Start of Block

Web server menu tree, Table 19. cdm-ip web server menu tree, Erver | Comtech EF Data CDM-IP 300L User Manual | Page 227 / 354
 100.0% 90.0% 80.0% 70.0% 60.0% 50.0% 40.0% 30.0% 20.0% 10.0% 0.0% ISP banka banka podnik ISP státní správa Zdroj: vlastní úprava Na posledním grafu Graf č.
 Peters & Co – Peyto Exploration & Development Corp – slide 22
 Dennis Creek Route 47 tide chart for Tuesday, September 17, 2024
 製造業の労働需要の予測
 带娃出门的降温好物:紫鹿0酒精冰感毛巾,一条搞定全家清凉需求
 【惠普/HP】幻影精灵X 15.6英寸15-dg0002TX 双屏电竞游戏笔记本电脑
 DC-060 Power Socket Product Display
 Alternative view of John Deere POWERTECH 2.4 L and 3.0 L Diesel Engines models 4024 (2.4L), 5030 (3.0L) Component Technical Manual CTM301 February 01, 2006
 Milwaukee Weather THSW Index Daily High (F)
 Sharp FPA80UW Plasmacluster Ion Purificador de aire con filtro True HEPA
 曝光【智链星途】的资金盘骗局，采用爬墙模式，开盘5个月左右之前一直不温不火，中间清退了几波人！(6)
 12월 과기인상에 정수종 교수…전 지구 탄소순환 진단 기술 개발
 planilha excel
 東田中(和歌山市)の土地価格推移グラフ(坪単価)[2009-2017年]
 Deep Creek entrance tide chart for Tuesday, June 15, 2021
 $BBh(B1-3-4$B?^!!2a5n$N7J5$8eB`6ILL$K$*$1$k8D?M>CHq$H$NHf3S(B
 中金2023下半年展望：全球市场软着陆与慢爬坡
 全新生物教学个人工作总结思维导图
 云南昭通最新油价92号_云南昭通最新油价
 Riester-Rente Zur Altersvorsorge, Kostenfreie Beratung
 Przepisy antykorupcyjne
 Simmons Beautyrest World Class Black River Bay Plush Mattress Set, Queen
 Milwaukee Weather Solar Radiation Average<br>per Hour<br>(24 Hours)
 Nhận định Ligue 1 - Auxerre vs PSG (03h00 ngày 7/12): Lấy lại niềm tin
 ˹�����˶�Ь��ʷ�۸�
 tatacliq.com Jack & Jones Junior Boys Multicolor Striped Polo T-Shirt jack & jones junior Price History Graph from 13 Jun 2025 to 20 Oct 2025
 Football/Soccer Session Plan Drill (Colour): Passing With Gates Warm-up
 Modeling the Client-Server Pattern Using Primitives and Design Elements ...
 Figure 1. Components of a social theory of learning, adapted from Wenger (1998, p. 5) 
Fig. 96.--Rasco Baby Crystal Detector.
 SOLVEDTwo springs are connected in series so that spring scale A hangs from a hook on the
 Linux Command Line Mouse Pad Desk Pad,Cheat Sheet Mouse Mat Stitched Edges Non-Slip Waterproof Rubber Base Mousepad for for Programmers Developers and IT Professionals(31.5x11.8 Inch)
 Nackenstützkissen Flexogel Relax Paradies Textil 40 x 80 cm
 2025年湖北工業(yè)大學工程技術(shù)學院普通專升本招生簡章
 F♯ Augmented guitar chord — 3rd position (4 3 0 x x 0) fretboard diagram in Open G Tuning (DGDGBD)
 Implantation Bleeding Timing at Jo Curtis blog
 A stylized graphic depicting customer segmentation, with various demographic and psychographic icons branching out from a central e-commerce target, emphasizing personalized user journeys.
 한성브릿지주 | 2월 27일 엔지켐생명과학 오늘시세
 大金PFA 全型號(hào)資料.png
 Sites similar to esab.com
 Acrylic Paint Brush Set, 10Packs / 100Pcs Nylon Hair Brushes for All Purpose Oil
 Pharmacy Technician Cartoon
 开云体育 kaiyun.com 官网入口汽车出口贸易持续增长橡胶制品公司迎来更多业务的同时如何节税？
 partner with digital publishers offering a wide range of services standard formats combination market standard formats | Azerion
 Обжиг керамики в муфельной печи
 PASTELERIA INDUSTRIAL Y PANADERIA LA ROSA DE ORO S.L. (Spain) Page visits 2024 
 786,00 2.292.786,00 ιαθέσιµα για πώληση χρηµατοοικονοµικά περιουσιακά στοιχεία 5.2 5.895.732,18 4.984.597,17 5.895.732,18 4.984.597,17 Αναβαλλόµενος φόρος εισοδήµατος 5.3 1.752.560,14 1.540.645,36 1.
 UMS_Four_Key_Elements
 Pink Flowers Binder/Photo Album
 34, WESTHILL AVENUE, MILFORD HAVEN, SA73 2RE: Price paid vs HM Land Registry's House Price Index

End of Block

Your answer should be the lines above from the one containing "Dennis Creek Route" through the one containing "中金2023下半年展望：全球市场软着陆与慢爬坡", copied exactly and with both ends kept.

Output for this task |
 Dennis Creek Route 47 tide chart for Tuesday, September 17, 2024
 製造業の労働需要の予測
 带娃出门的降温好物:紫鹿0酒精冰感毛巾,一条搞定全家清凉需求
 【惠普/HP】幻影精灵X 15.6英寸15-dg0002TX 双屏电竞游戏笔记本电脑
 DC-060 Power Socket Product Display
 Alternative view of John Deere POWERTECH 2.4 L and 3.0 L Diesel Engines models 4024 (2.4L), 5030 (3.0L) Component Technical Manual CTM301 February 01, 2006
 Milwaukee Weather THSW Index Daily High (F)
 Sharp FPA80UW Plasmacluster Ion Purificador de aire con filtro True HEPA
 曝光【智链星途】的资金盘骗局，采用爬墙模式，开盘5个月左右之前一直不温不火，中间清退了几波人！(6)
 12월 과기인상에 정수종 교수…전 지구 탄소순환 진단 기술 개발
 planilha excel
 東田中(和歌山市)の土地価格推移グラフ(坪単価)[2009-2017年]
 Deep Creek entrance tide chart for Tuesday, June 15, 2021
 $BBh(B1-3-4$B?^!!2a5n$N7J5$8eB`6ILL$K$*$1$k8D?M>CHq$H$NHf3S(B
 中金2023下半年展望：全球市场软着陆与慢爬坡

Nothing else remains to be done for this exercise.